It's more than suspect, it's completely wrong. If u=1 then your first expression is 1, the second one is 2. Pretty bad, yes? Suggest you get off the mobile device and type in your steps.
I'm home now.

I set it up like so (I left the two out):
$$u|1+u^{-2}$$

from my understanding you're supposed to write the functions in descending order of powers.

For 1:$$u*\frac{1}{u}=1$$
subtraction yields zero. You then need to find out what multiple of u gives you u-2. u*u-3=u-2, subtraction gives zero.
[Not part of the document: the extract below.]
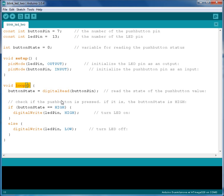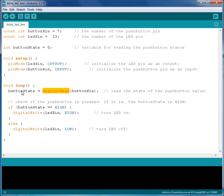Let's go to the loop function. In the first line of code a new function is introduced: the DigitalRead function. This function reads the state of a pin and will return either high or low. Since we write ButtonState equals DigitalRead, the return value from this function will be stored in the ButtonState. So now we need to check the value of the ButtonState to decide if we want to turn the LED on or off.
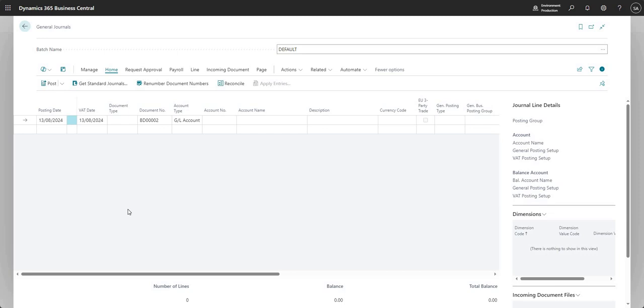That really is everything that I wanted to run through in this video. Just to confirm, the eliminations process we covered in the video: we went through consolidation setup, we input an example journal which has our proposed eliminations on there, we then ran our GL consolidation elimination report which showed us what would happen if we were to post the journal lines that sat in this journal batch, and then once we were happy with that we went and posted the journal.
Total remainder of zero.

So I get the final answer of:
$$\frac{1}{u}+u^{-3}+\frac{0}{1+u^{-2}}=\frac{1}{u}+u^{-3}$$

I think I just saw where I went wrong...I wrote it backwards.

I should be solving:
$$1+u^{-2}|u$$

Hmm... I've got 1 over some function times what is almost the derivative of that function ... and I want to integrate that combination ...
I don't see how that works, it's missing an exponent.

Dick
Homework Helper
I'm home now.

I set it up like so (I left the two out):
$$u|1+u^{-2}$$

from my understanding you're supposed to write the functions in descending order of powers.

For 1:$$u*\frac{1}{u}=1$$
subtraction yields zero. You then need to find out what multiple of u gives you u-2. u*u-3=u-2, subtraction gives zero. Total remainder of zero.

So I get the final answer of:
$$\frac{1}{u}+u^{-3}+\frac{0}{1+u^{-2}}=\frac{1}{u}+u^{-3}$$

I think I just saw where I went wrong...I wrote it backwards.

I should be solving:
$$1+u^{-2}|u$$

I don't see how that works, it's missing an exponent.
Right, you did it backwards. (1+u^(-2))/u=u^(-1)+u^(-3). The whole process is a lot easier to follow if you clear out the negative powers first, like symbolpoint suggested above.

Sounds like a plan! Thanks for the help.